» **Input records**
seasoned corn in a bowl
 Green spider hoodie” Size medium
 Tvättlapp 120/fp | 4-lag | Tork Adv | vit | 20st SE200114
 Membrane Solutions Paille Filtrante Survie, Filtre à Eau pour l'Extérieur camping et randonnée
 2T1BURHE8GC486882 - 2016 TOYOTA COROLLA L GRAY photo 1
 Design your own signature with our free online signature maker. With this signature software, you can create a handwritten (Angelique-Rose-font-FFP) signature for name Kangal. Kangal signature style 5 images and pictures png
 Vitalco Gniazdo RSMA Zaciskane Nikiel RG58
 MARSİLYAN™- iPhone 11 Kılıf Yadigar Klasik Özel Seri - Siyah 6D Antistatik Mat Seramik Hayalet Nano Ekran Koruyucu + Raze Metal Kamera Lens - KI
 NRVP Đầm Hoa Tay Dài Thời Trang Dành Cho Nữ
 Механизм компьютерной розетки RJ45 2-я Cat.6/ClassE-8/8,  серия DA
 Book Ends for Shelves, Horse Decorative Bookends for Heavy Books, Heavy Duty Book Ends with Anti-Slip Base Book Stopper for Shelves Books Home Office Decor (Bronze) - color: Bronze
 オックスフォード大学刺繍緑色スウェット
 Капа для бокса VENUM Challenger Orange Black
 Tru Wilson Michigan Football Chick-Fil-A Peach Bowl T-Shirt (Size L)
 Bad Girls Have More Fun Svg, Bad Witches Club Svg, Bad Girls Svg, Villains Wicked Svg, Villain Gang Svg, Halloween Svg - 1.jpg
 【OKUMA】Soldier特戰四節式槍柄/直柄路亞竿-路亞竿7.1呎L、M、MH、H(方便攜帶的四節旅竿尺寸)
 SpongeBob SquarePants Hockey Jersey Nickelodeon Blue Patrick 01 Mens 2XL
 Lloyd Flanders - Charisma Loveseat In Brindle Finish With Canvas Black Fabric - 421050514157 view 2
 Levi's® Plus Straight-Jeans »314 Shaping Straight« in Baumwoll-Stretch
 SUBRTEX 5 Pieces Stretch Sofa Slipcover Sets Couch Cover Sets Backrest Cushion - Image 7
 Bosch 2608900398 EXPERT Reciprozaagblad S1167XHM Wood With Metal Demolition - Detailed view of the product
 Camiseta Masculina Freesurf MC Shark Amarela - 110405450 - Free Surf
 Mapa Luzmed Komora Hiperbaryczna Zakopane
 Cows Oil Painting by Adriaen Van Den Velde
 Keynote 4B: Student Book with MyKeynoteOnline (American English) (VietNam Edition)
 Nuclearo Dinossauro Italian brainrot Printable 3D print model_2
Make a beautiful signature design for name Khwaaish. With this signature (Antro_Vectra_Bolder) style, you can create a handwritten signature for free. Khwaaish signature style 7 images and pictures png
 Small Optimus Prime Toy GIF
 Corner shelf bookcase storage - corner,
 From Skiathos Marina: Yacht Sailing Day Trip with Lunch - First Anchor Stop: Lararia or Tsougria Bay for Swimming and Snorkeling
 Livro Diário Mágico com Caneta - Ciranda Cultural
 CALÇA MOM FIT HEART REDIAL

» **What to work on**
Could you write out the material above exactly as it appears?

» **Answer section**
seasoned corn in a bowl
 Green spider hoodie” Size medium
 Tvättlapp 120/fp | 4-lag | Tork Adv | vit | 20st SE200114
 Membrane Solutions Paille Filtrante Survie, Filtre à Eau pour l'Extérieur camping et randonnée
 2T1BURHE8GC486882 - 2016 TOYOTA COROLLA L GRAY photo 1
 Design your own signature with our free online signature maker. With this signature software, you can create a handwritten (Angelique-Rose-font-FFP) signature for name Kangal. Kangal signature style 5 images and pictures png
 Vitalco Gniazdo RSMA Zaciskane Nikiel RG58
 MARSİLYAN™- iPhone 11 Kılıf Yadigar Klasik Özel Seri - Siyah 6D Antistatik Mat Seramik Hayalet Nano Ekran Koruyucu + Raze Metal Kamera Lens - KI
 NRVP Đầm Hoa Tay Dài Thời Trang Dành Cho Nữ
 Механизм компьютерной розетки RJ45 2-я Cat.6/ClassE-8/8,  серия DA
 Book Ends for Shelves, Horse Decorative Bookends for Heavy Books, Heavy Duty Book Ends with Anti-Slip Base Book Stopper for Shelves Books Home Office Decor (Bronze) - color: Bronze
 オックスフォード大学刺繍緑色スウェット
 Капа для бокса VENUM Challenger Orange Black
 Tru Wilson Michigan Football Chick-Fil-A Peach Bowl T-Shirt (Size L)
 Bad Girls Have More Fun Svg, Bad Witches Club Svg, Bad Girls Svg, Villains Wicked Svg, Villain Gang Svg, Halloween Svg - 1.jpg
 【OKUMA】Soldier特戰四節式槍柄/直柄路亞竿-路亞竿7.1呎L、M、MH、H(方便攜帶的四節旅竿尺寸)
 SpongeBob SquarePants Hockey Jersey Nickelodeon Blue Patrick 01 Mens 2XL
 Lloyd Flanders - Charisma Loveseat In Brindle Finish With Canvas Black Fabric - 421050514157 view 2
 Levi's® Plus Straight-Jeans »314 Shaping Straight« in Baumwoll-Stretch
 SUBRTEX 5 Pieces Stretch Sofa Slipcover Sets Couch Cover Sets Backrest Cushion - Image 7
 Bosch 2608900398 EXPERT Reciprozaagblad S1167XHM Wood With Metal Demolition - Detailed view of the product
 Camiseta Masculina Freesurf MC Shark Amarela - 110405450 - Free Surf
 Mapa Luzmed Komora Hiperbaryczna Zakopane
 Cows Oil Painting by Adriaen Van Den Velde
 Keynote 4B: Student Book with MyKeynoteOnline (American English) (VietNam Edition)
 Nuclearo Dinossauro Italian brainrot Printable 3D print model_2
Make a beautiful signature design for name Khwaaish. With this signature (Antro_Vectra_Bolder) style, you can create a handwritten signature for free. Khwaaish signature style 7 images and pictures png
 Small Optimus Prime Toy GIF
 Corner shelf bookcase storage - corner,
 From Skiathos Marina: Yacht Sailing Day Trip with Lunch - First Anchor Stop: Lararia or Tsougria Bay for Swimming and Snorkeling
 Livro Diário Mágico com Caneta - Ciranda Cultural
 CALÇA MOM FIT HEART REDIAL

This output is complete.